Companies must still perform the difficult and arduous work necessary to convert promising research results into products and services that satisfy customers’ needs. Open innovation works best when you have R&D employees who can collaborate with partners from inside and outside the four walls of your company.

Innovative companies have also begun to create positions called “technology scouts” or “innovation scouts,” often making that role part of a senior level technical executive job description. That person actively searches for new technologies and ideas outside the firm. However, you need to be able to harness that technology once you find it. Designing and managing these types of innovation communities is going to become increasingly important to open innovation’s future.

It is the logic of open innovation that the most successful innovators integrate all their ideas, expertise, and skills and deliver the results to the marketplace, using the most effective and efficient means possible. Whether using ideas from inside or outside the organization, those practicing open innovation will create new value and accelerate their time to market.
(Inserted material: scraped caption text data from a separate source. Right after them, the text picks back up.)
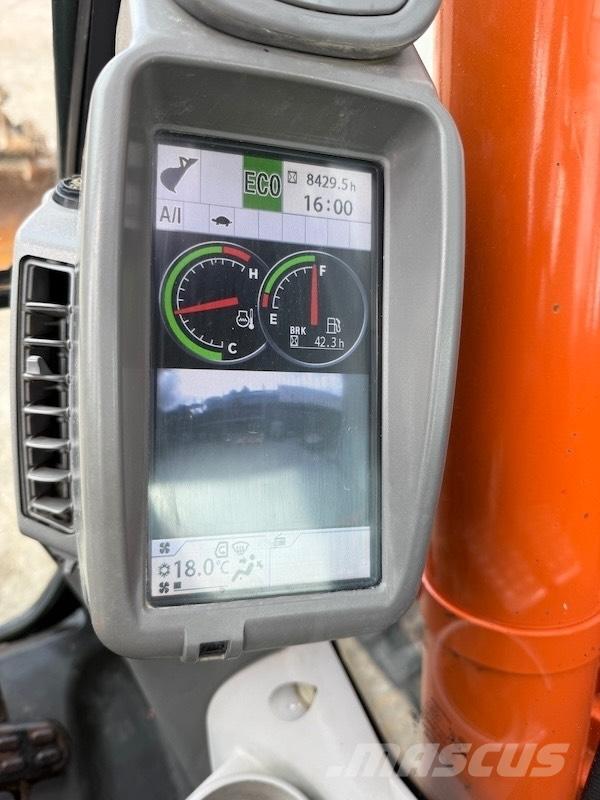 Hitachi ZX 135 US-5B Telakaivukoneet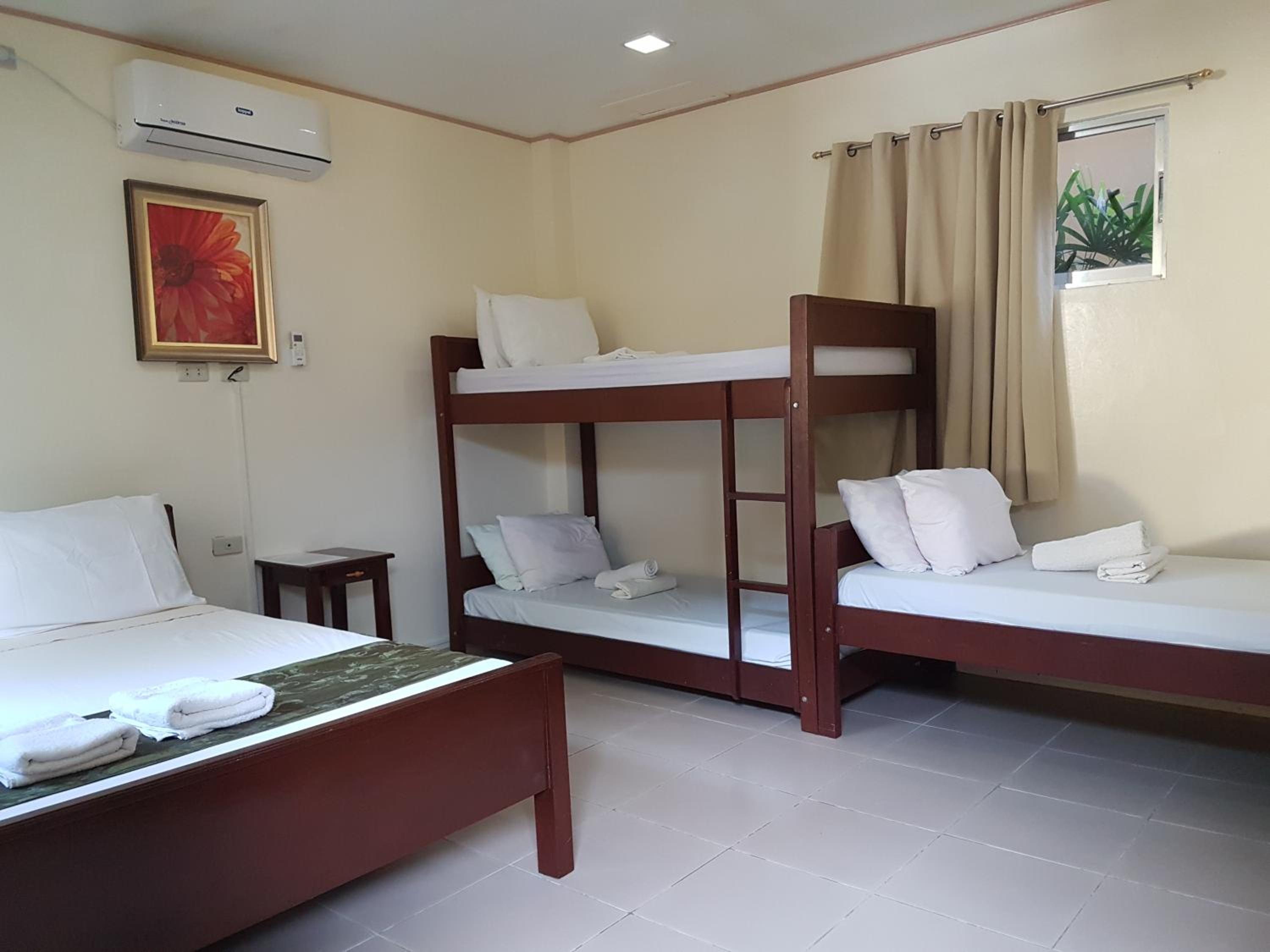 Blue Lagoon Inn & Suites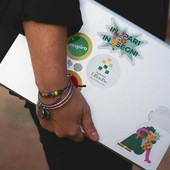 Torna &quot;In Pari&quot;, il volontariato digitale che fa crescere studenti e tutor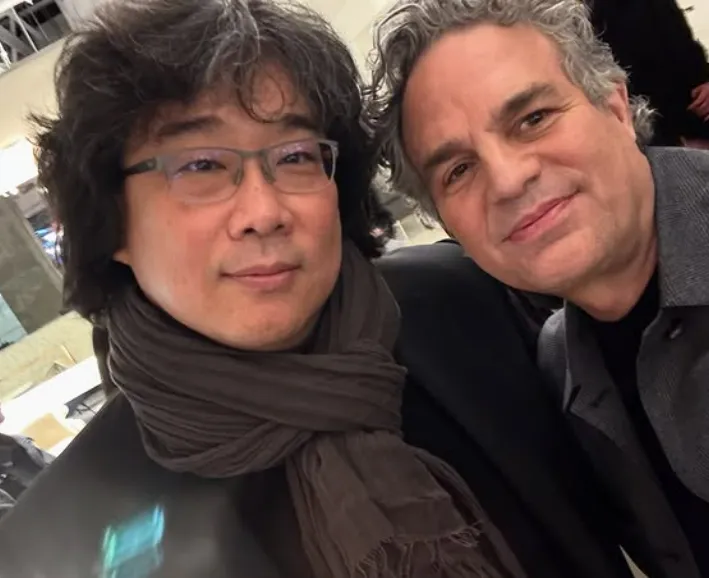 봉준호 감독과의 셀카 공개한 마크 러팔로. 마크 러팔로 인스타그램 캡처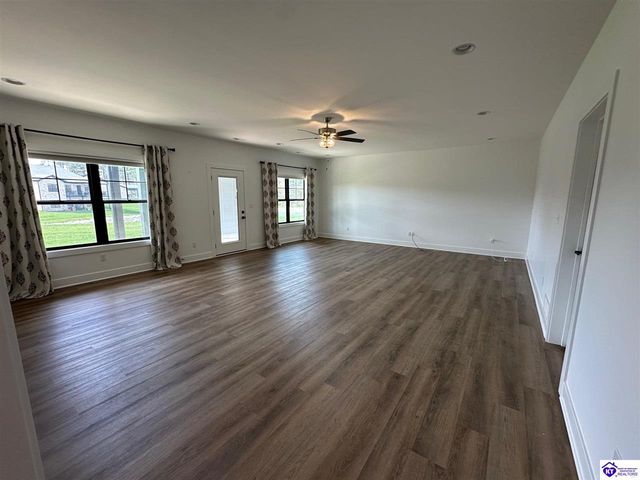 304 Sweet Grass Circle, Elizabethtown, KY 42701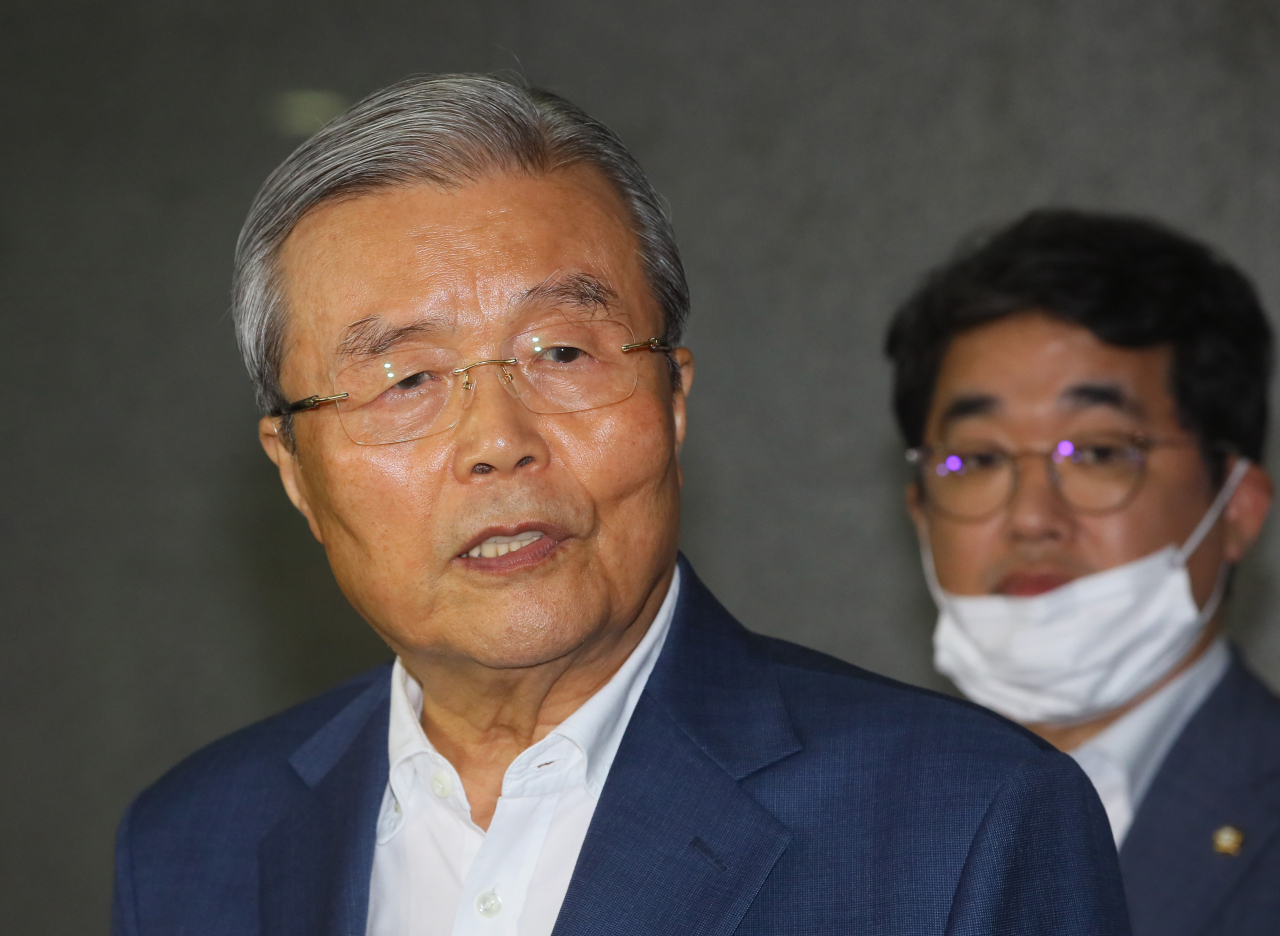 김종인 미래통합당 비상대책위원장이 11일 국회 의원회관에서 부동산·수해 등 현안 관련 질문에 답변하고 있다. [연합]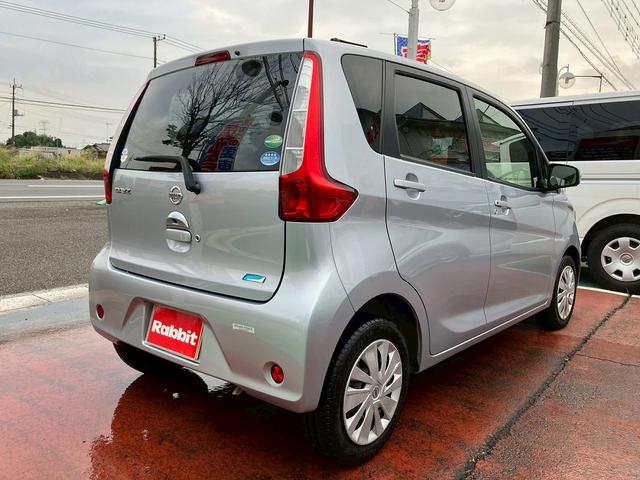 デイズ X Vセレクション+セーフティII 日産純正ナビ アラウンドビューモニター フルセグTV ベンチシート スマートキー CD DVD Bluetoothオーディオ 衝突軽減ブレーキ(4枚目)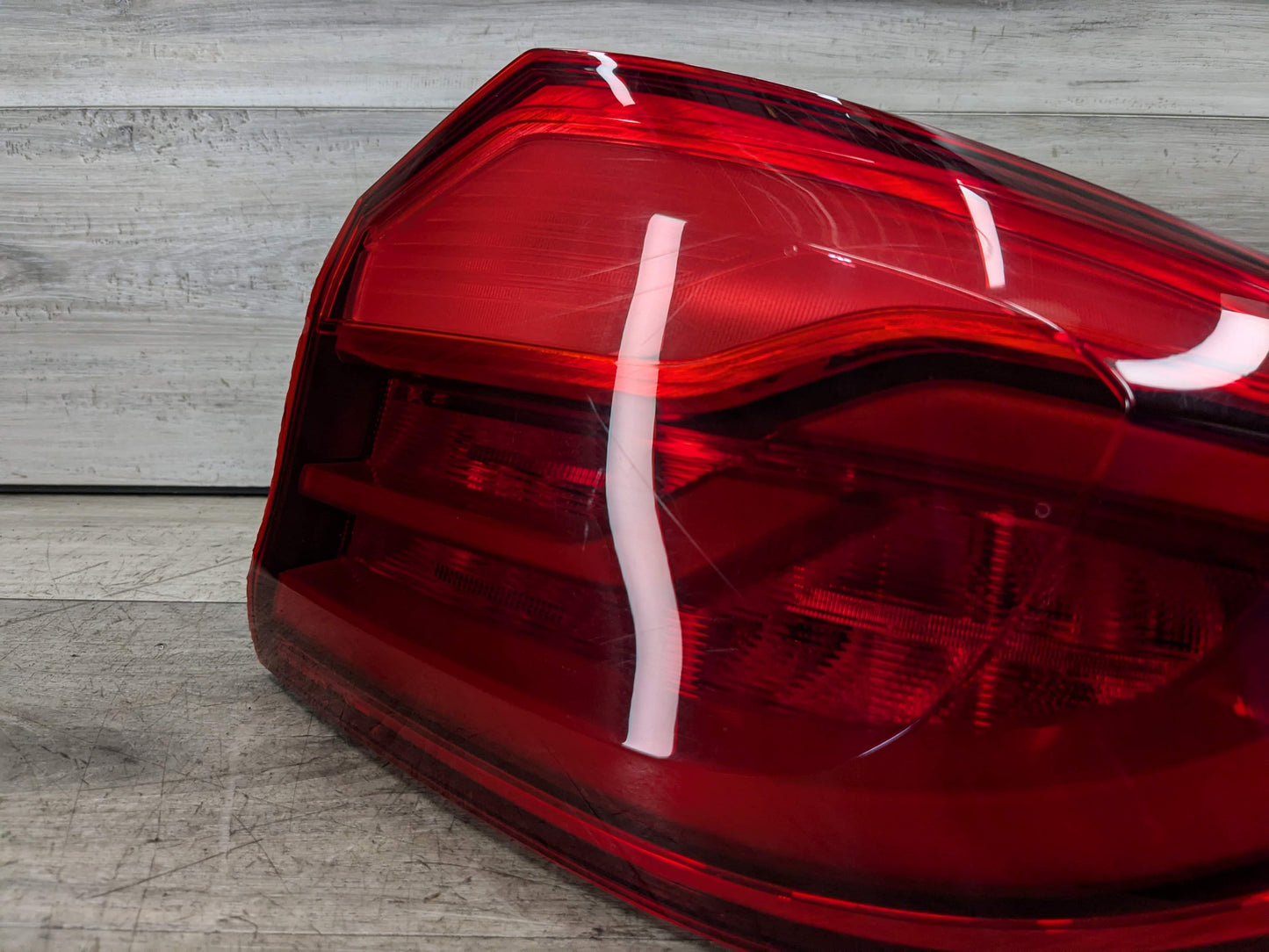 17-20 OEM BMW F90 M5 G30 530 540 M550 Rear Passenger Side Outer Tail Light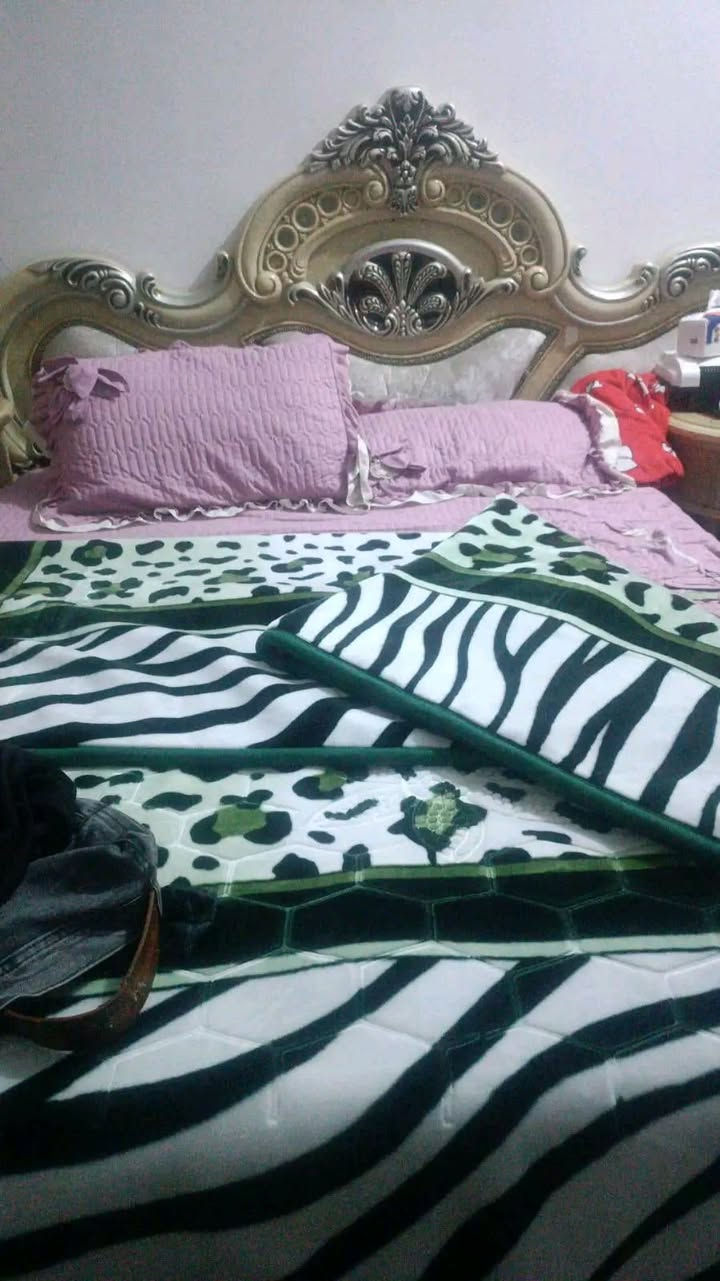 للبيع 
غرفه نوم جرخ ماله سايف سعر ٣٠٠ 
بوفيه حطاطه سعر ١٠٠ 
فلوجه حي معلمين 
*********** بي واتساب
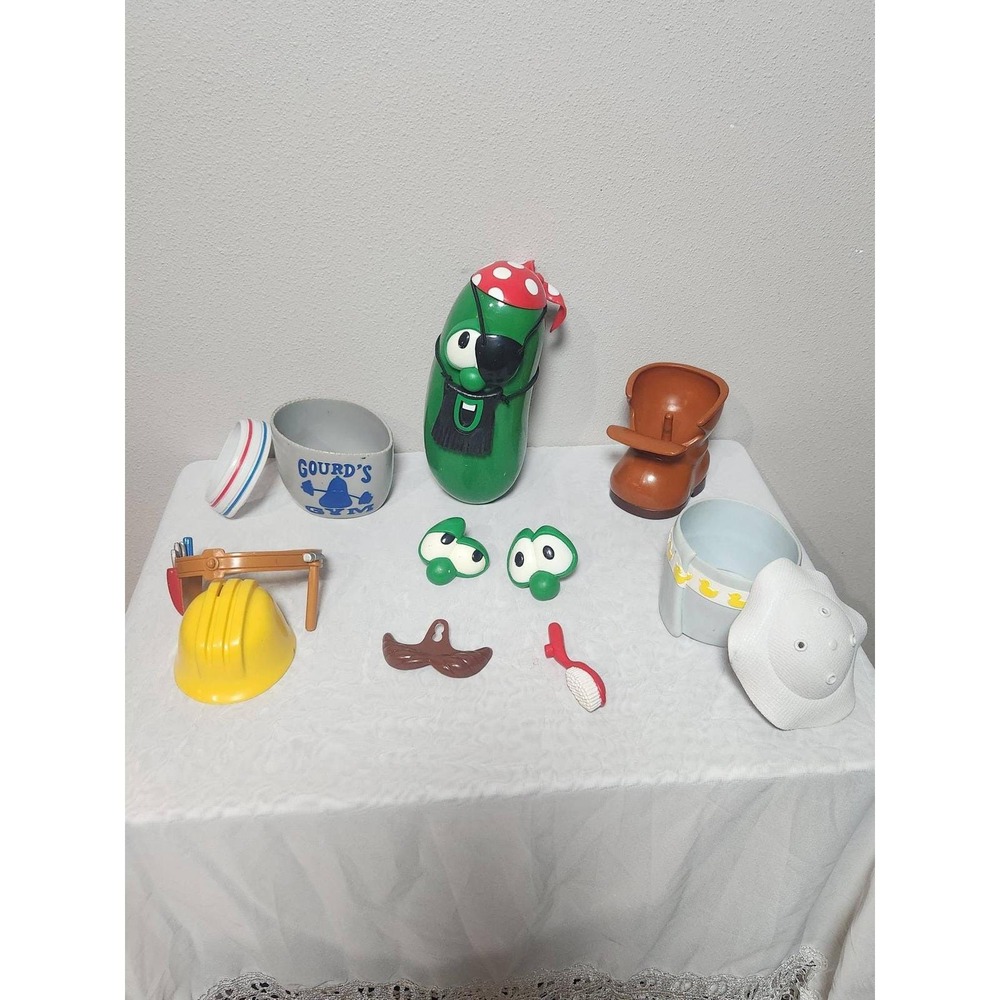 Fisher-Price Dress-up Mix-up Veggie Tales Larry the Cucumber Figure Set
Henry Chesbrough, credited with the theory and coinage of the term “open innovation,” is executive director of the Program for Open Innovation at the Haas School of Business at the University of California, Berkeley, where he is also an adjunct professor. He is the author of several books, including Open Innovation: The New Imperative for Creating and Profiting from Technology, and he serves on the business advisory board for Open Photonics Inc. His PhD in business administration and public policy is from the Haas School and his MBA from Stanford.

–SPIE Senior Member Jason M. Eichenholz is CEO of Open Photonics Inc. and an active evangelist and practitioner of open innovation. He has served as a senior technology leader and executive at several leading photonics companies including Halma, Ocean Optics, and Newport/Spectra-Physics. He has a PhD in optical sciences and engineering from the University of Central Florida where he is also a courtesy faculty member.

Open Photonics Inc.

SPIE corporate member Open Photonics Inc. (OPI) was formed specifically to accelerate the commercialization of photonics technologies by linking the best minds in the industry with existing infrastructure and market channels.

Its Photonic Horizons™ competitive grant program is a crowd-sourcing and open-innovation framework that fosters collaboration between established companies and the researchers and inventors who have ideas with commercial potential.

Winners of the annual program are chosen and funded by OPI clients with peer review by OPI technical and business advisory boards. Initial-phase grants of $10,000 are for a six-month, proof-of-concept project. Second-stage grants, up to $100,000, are for a six- to 12-month prototype development project.

OPI team and advisory board members manage the entire grant process from concept validation through eventual prototype development completion.


Scouting survey shows full usage by photonics companies

SPIE Professional covered innovation scouting and open innovation in a 2010 article about a survey conducted by Nerac.

Because innovation scouting is a key element of open innovation, Nerac conducted a 2009 survey to benchmark the practices of innovation and technology scouts.

The survey found that companies in the optics, imaging, and lasers industries reported some of the highest usage of innovation scouts, with 45% of respondents from these industries indicating they have scouting programs.

Furthermore, 100% of those optics and photonics companies reported that their innovation scouting efforts were very successful or moderately successful.

The survey also found a high percentage of employees in scouting roles at optics and photonics companies, compared to employees in other companies. Some 44% of the optics and photonics respondents had more than 25 innovation scout employees, compared to 40% of all respondents who had fewer than three innovation scouts.